::: GIVEN MATERIAL
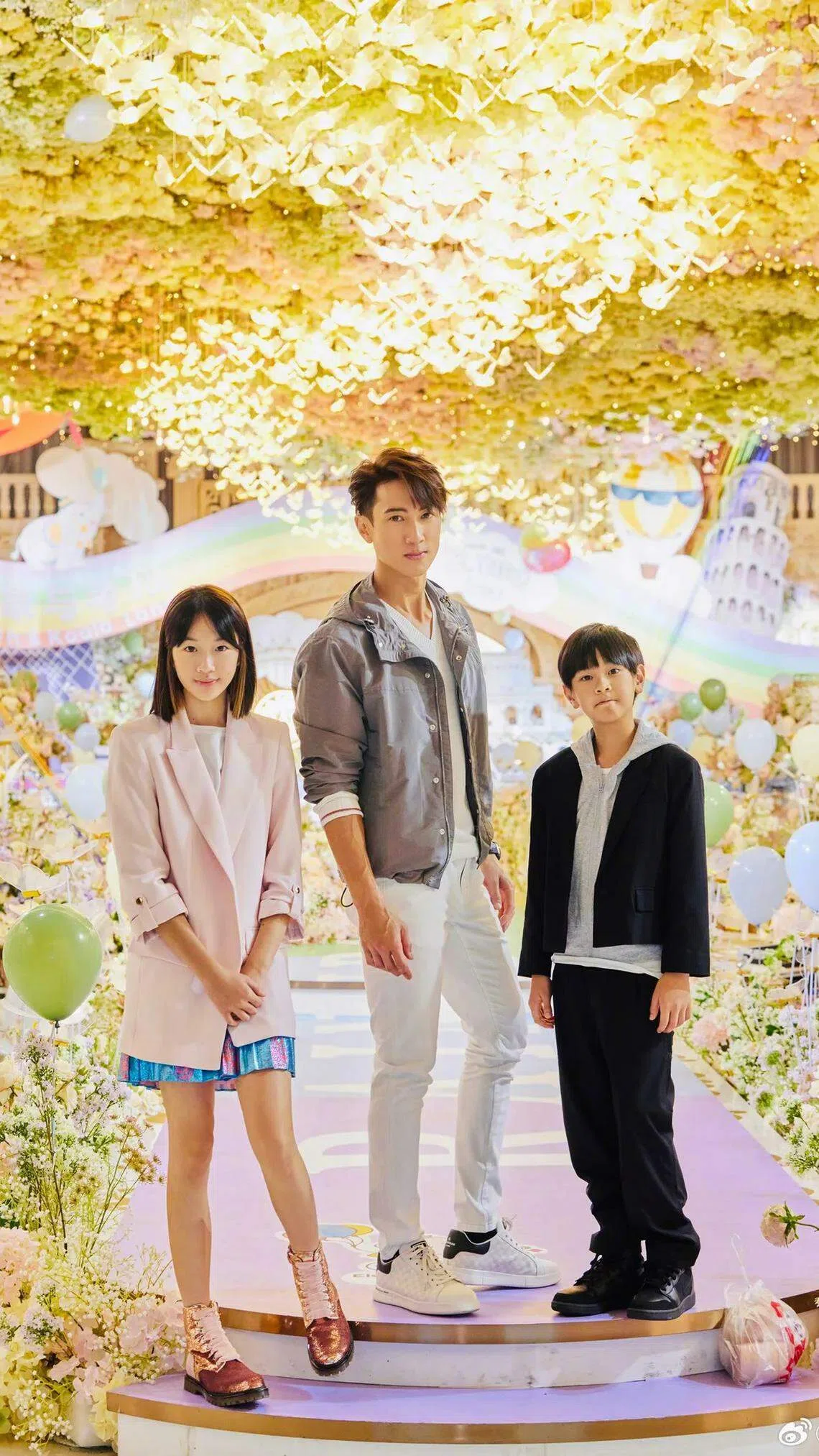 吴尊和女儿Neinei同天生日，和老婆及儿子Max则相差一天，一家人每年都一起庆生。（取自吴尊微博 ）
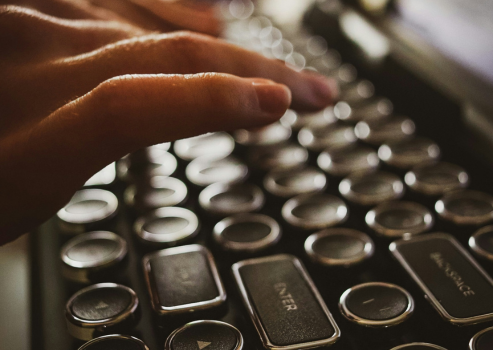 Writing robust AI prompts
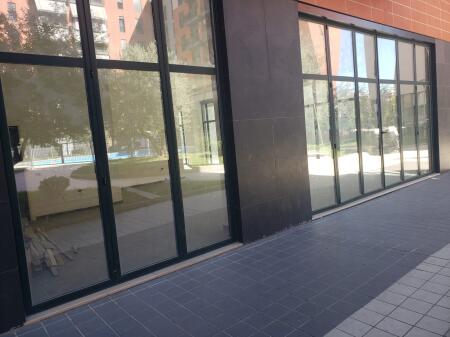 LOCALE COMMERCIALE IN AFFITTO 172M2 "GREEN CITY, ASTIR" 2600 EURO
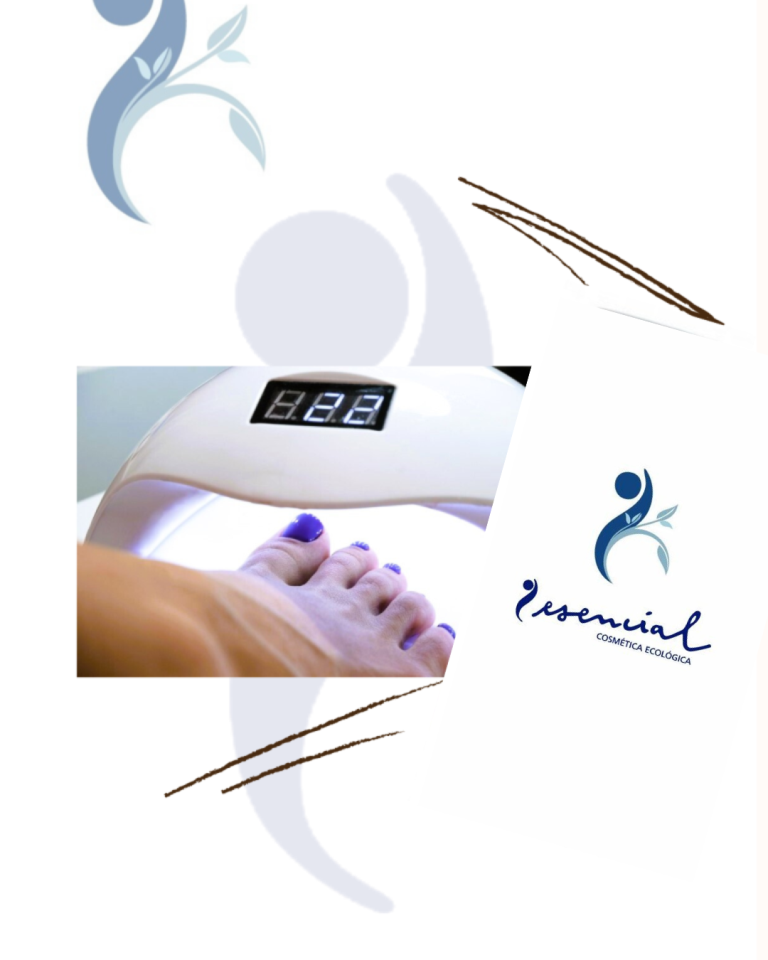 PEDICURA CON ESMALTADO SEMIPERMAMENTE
::::::
— TASK REQUIREMENTS —
All of the material above needs to be restated exactly, with no pictures.

— RESULT FOR THIS TASK —
 吴尊和女儿Neinei同天生日，和老婆及儿子Max则相差一天，一家人每年都一起庆生。（取自吴尊微博 ）
 Writing robust AI prompts
 LOCALE COMMERCIALE IN AFFITTO 172M2 "GREEN CITY, ASTIR" 2600 EURO
 PEDICURA CON ESMALTADO SEMIPERMAMENTE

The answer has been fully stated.